CMS announced last week that they are extending their value-based insurance design (VBID) program to more states and more patients. I describe VBID and the proposed changes below.
What is VBID?
Value-Based Insurance Design (VBID) generally refers to health insurers’ efforts to structure enrollee cost sharing and other health plan design elements to encourage enrollees to use high-value clinical services – those that have the greatest potential to positively impact enrollee health.
How will VBID be implemented for Medicare Advantage plans?
Eligible MA plans in these states, upon CMS approval, may offer varied plan benefit designs for enrollees who fall into certain clinical categories identified and defined by CMS. Benefit design changes made through this model may reduce cost sharing and/or offer additional services to targeted enrollees; however, targeted enrollees can never receive fewer benefits or be charged higher cost sharing than other MA enrollees in their plan as a result of the model.
What is changing ?
In its first year, CMS is testing the VBID model in seven states: Arizona, Indiana, Iowa, Massachusetts, Oregon, Pennsylvania, and Tennessee.
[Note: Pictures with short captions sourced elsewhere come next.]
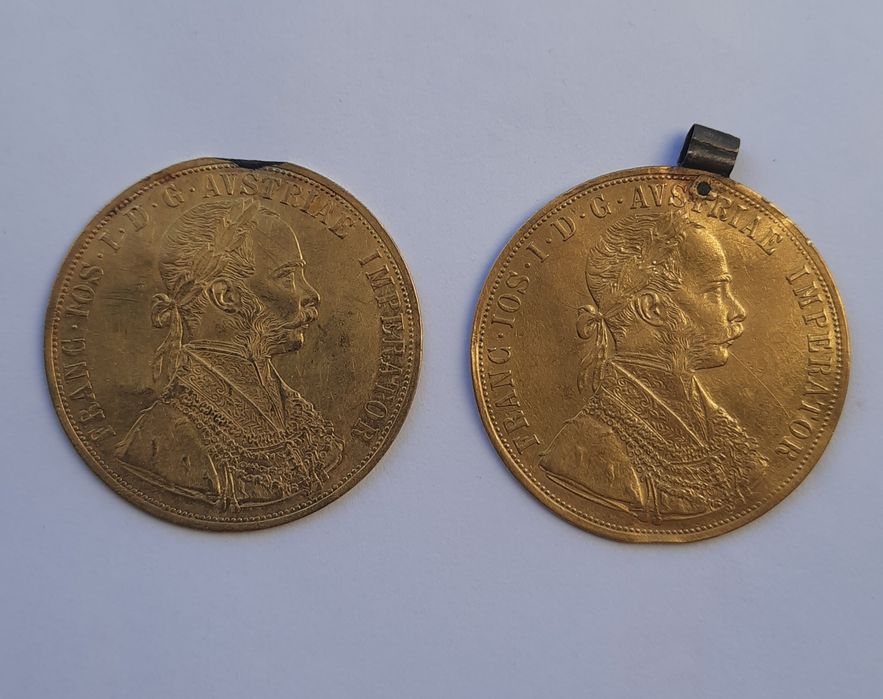 Monede aur 4 ducați vechi - cel mai mic preț!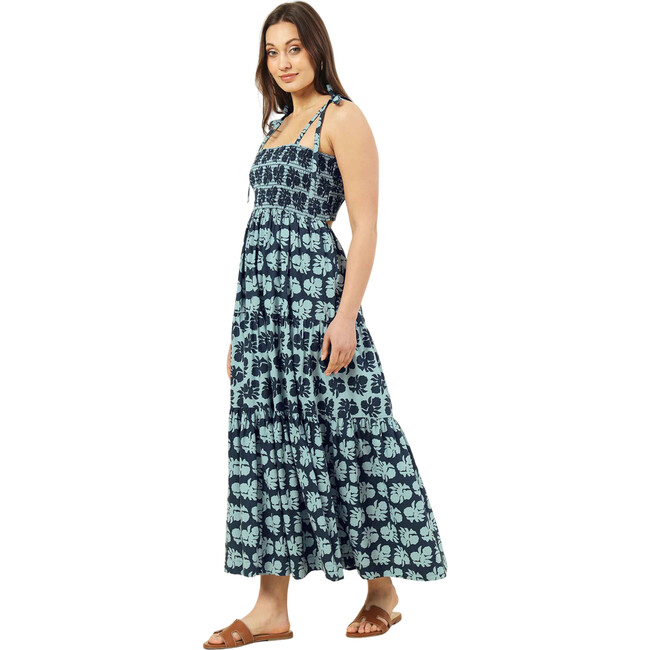 Women's Lana Adjustable Shoulder Ties Sleeveless Maxi Dress, Akola Storm - Dresses - 2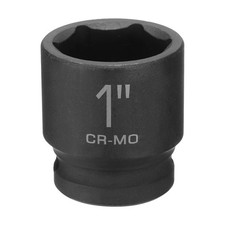 Image of 6 Point Impact Socket 1" Socket 1/2" Square Drive 1.5" Long 40cr Steel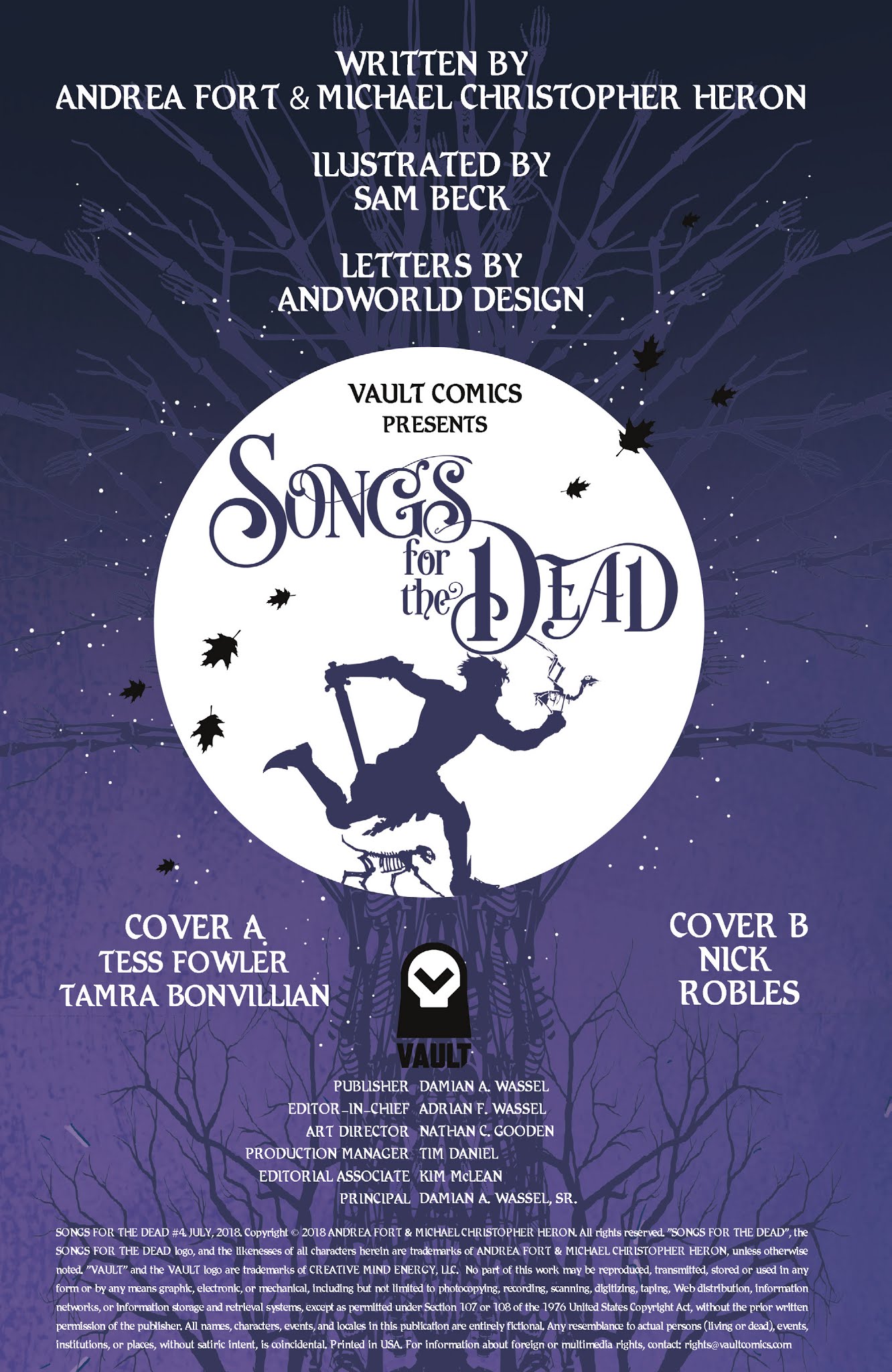 Read online Songs For The Dead comic -  Issue #4 - 2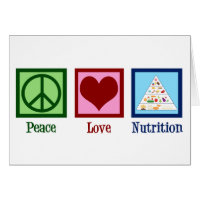 Peace Liebe Nutrition Card
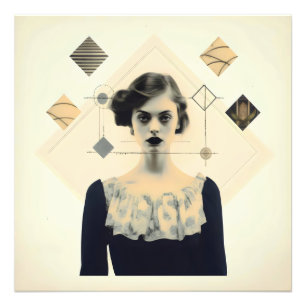 Foto Abstrato Vintage Girl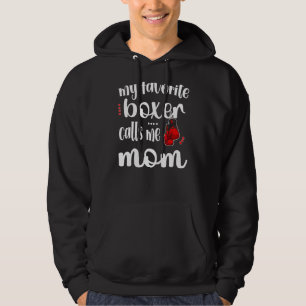 Min favoritboxer kallar mig Boxing Mamma Boxing Mo Hoodie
CMS announced last week that beginning on January 1, 2018, CMS will also test the model in Alabama, Michigan, and Texas. The current list of conditions eligible for VBID are diabetes, chronic obstructive pulmonary disease (COPD), congestive heart failure (CHF), patients with past stroke, hypertension, coronary artery disease and mood disorders. Starting in 2018, rheumatoid arthritis and dementia will be included in the VBID model.
In addition to developing interventions targeted at all enrollees in one or more of the above categories, participating MA plans will have the flexibility to identify specific combinations of the listed chronic conditions for one or more “multiple co-morbidities” groups and establish tailored VBID interventions for each group. Participating MA plans are required to provide VBID benefits to all VBID-eligible enrollees in the selected group. Participating MA plans selecting the Mood Disorders group will also have additional flexibility to focus on specific conditions within that group.
What changes can plans make as part of VBID?
Plans have four options:
- Reduce cost sharing for high-value services
- Reduced cost sharing for high-value providers
- Reduced cost sharing for enrollees participating in disease management or related programs
- Coverage of additional supplemental benefits
Whereas many Medicare initiatives (such as ACOs) focus on Part A and B spending, the VBID program allows for different cost sharing levels for Part D drugs as well.
For example, plans could eliminate co-pays for eye exams for patients with diabetes. In another example, they could reduce copays for high quality or low cost hospitals.
Typically plans must have 2000 members to participate in the program.